Au-delà de la pratique paternaliste du référendum, le refus du nucléaire, confirmé face à une caste qui cherchait à réintroduire cette énergie mortifère comme un business démentiel et rentable, est un acte objectif de démocratie directe.
Les citoyens d’une vraie démocratie doivent, en fait, décider de tout, en se libérant des représentants corrompus et vendus à la solde du business planétaire.
En Italie et dans le monde, chaque nation est essentiellement confrontée à ce même problème et comme il advint au moment du passage de l’ancien régime monarchique à la république bourgeoise, il s’agit de choisir partout le meilleur pour l’émancipation de l’humanité et la joie de vivre.
En analysant sous cet angle factuel et non idéologique la question sociale contemporaine, l’épisode, petit et pourtant exemplaire, de la Val di Susa, ce Chiapas alpin, cette réserve Sioux au pied des monts, (Piemonte), acquière
une signification à l’ampleur étonnante et, oserai-je dire, planétaire.
Le chef visage pâle qu’on nomme Fassino, petit employé social-démocrate au service toute une vie des institutions dont il se sert, à peine élu maire de Turin, a affiché une volonté tenace de faire passer le train de la marchandise dans la prairie habitée par d’ignares citoyens.
Remercions-le de la sollicitude avec laquelle il montre la cohérence univoque des deux mains du capitalisme.

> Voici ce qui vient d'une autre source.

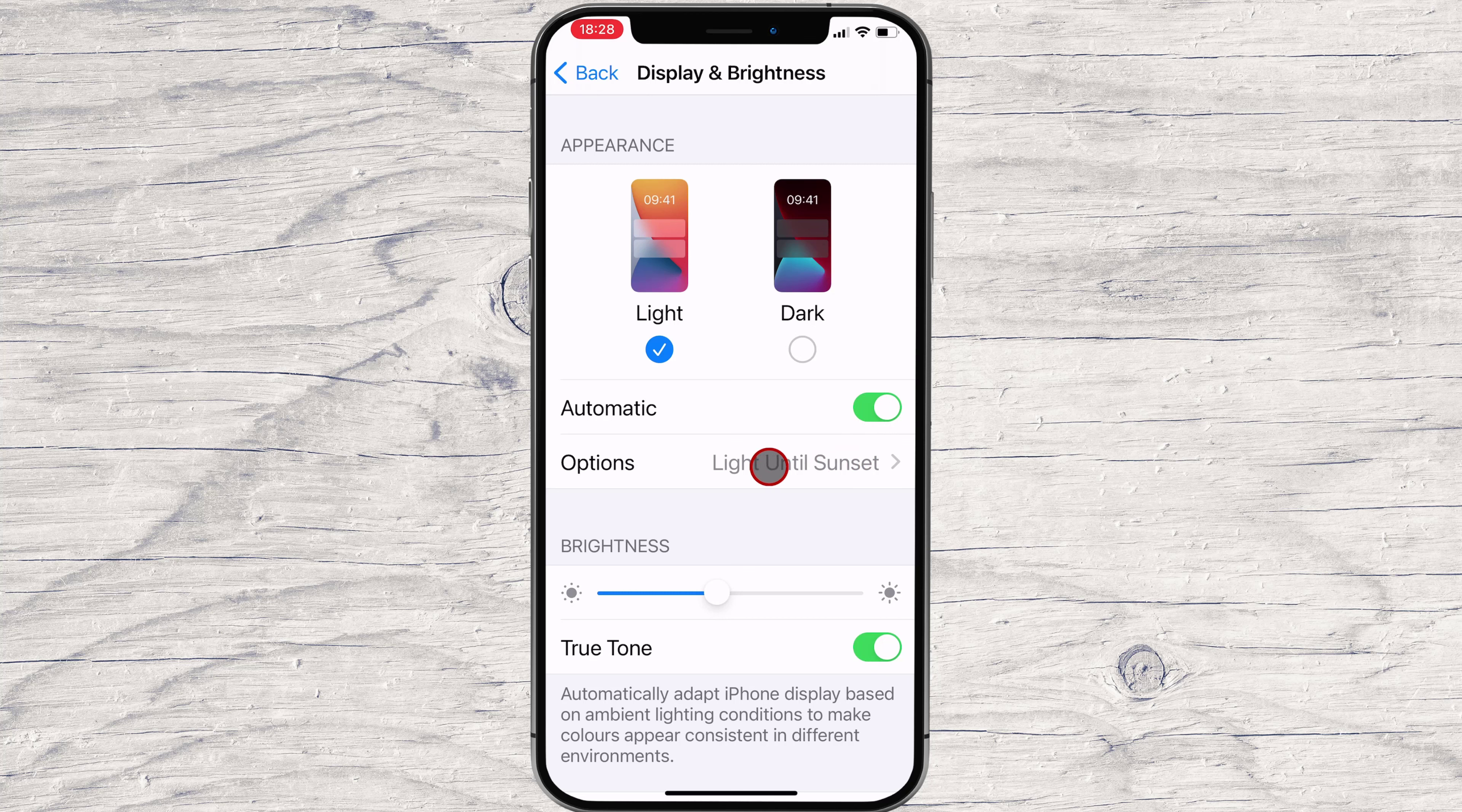Once Automatic is turned on, an Options setting will appear just below it. By default, your iPhone will keep light mode activated until sunset, or dark mode until sunrise.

Martine Aubry en a fait autant, de l’autre côté des Alpes, en garantissant bêtement que tous les français, socialistes ou pas, adorent la Grande Vitesse, montrant ainsi qu’elle ne connaissait rien au dossier en question, tout en se ralliant à la logique idiote du business.
La civilisation doit avancer et, comme dans les grandes prairies américaines, c’est cette civilisation là et seulement
celle là qui a droit de citoyenneté. Les indiens doivent disparaître dans les réserves et sortir uniquement pour consommer et voter, parfois, pour les Fassino ou les Aubry qui, en bons militants professionnels, s’occupent, avec une suffisance contrite, de la vie misérable des prolétaires dont la gestion garnit accessoirement leurs revenus de bureaucrates. De tels camarades aiment tellement les prolétaires qu’ils font tout pour qu’ils le restent.Peu importe, en ce qui concerne le tunnel de la Val di Susa, que l’utilité d’un tel ouvrage soit mise en question de façon irréfutable par des arguments qu’aucun patriote progressiste, blanc et civilisé n’arrive à contester dans les contenus.

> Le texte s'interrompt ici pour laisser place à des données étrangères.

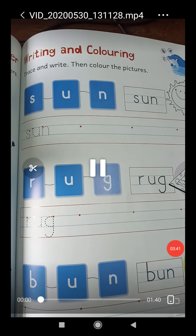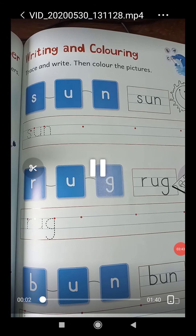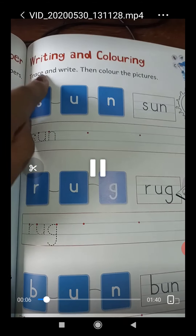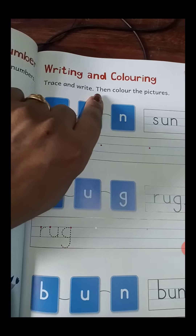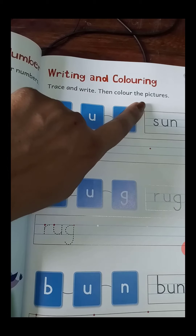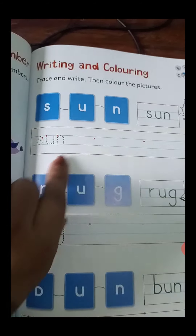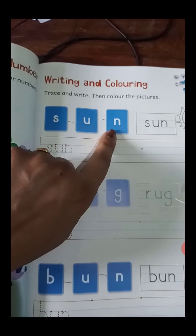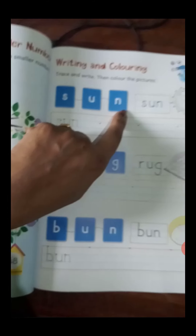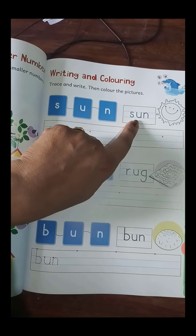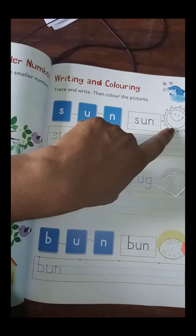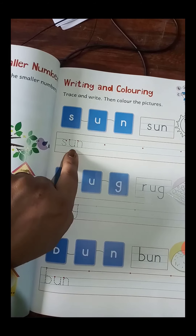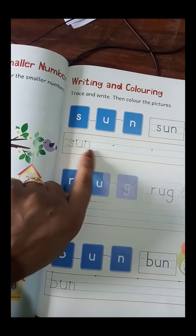Now students, open page number 61 of your book, I Can Achiever. Here students, you will trace and write, then color the picture. Firstly, read the words: S-U-N, sun. Color the picture of sun. After that, write here: sun. S-U-N, sun.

Je n’ai ni lu ni entendu une seule argumentation qui démontre l’utilité du tunnel en question. On parle génériquement de ferroutage de marchandise à favoriser, mais on ne répond pas avec un seul mot concret à l’objection qu’il n’y a aucune augmentation du flux du transport à considérer comme probable. Au contraire, le chemin de fer déjà existant est sous-utilisé et risque fort de le rester. Si ce n’était pas vrai, les « progressistes » se seraient sûrement empressés de le montrer et de le faire savoir. Or, silence ! Même le coût de l’ouvrage est passé à la trappe de la manipulation, pratique déjà utilisée pour le nucléaire, vendu
comme économiquement rentable car on a systématiquement caché les coûts réels, prohibitifs, en décrivant cependant un paradis énergétique faux, grotesque et effrayant comme les enfants qui jouent et les vaches qui broutent dessinées sur les cheminées nucléaires françaises en marche, fumantes et macabres.

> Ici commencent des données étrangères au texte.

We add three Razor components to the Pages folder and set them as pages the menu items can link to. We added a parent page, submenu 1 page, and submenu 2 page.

Hé oui, car le nucléaire a perdu au Japon et en Italie avec des coûts assez différents, mais il continue à être une terrible bombe à retardement, une roulette russe à la française de l’autre côté des Alpes.
La Val di Susa est un exemple de recomposition sociale spontanée d’êtres humains réels, au-delà de la décomposition ethnique et culturelle réalisée au niveau planétaire par la domination aliénante du capitalisme. Ce retour au local avec un regard au planétaire est une résistance à l’acculturation généralisée d’une civilisation productiviste à laquelle s’opposent désormais de façon explicite tous les damnés de la terre en augmentation vertigineuse : des campesinos sans terre du Brésil ou de l’Inde aux zapatistes du Chiapas et autres résistants d’un Mexique aux mains des mafias de la drogue et de l’Etat, aussi corrompu à Mexico City que partout ailleurs dans le monde, à Tokyo, à Washington, à Pékin, à Rome, à Londres, à Moscou, à Téhéran ou Tripoli…
Sans fin est la liste des Etats canailles !
En Val di Susa il y a eu quelques violences, c’est sûr, mais de tous les côtés et en premier de la part de ces défenseurs de l’ordre qui à Gênes, en 2001 pour le G8, chantonnaient l’ancien refrain fasciste de « Faccetta nera ».
La légitime défense est-elle donc une subversion et, en manque d’alternative, la subversion ne devient-elle pas l’unique légitime défense possible ?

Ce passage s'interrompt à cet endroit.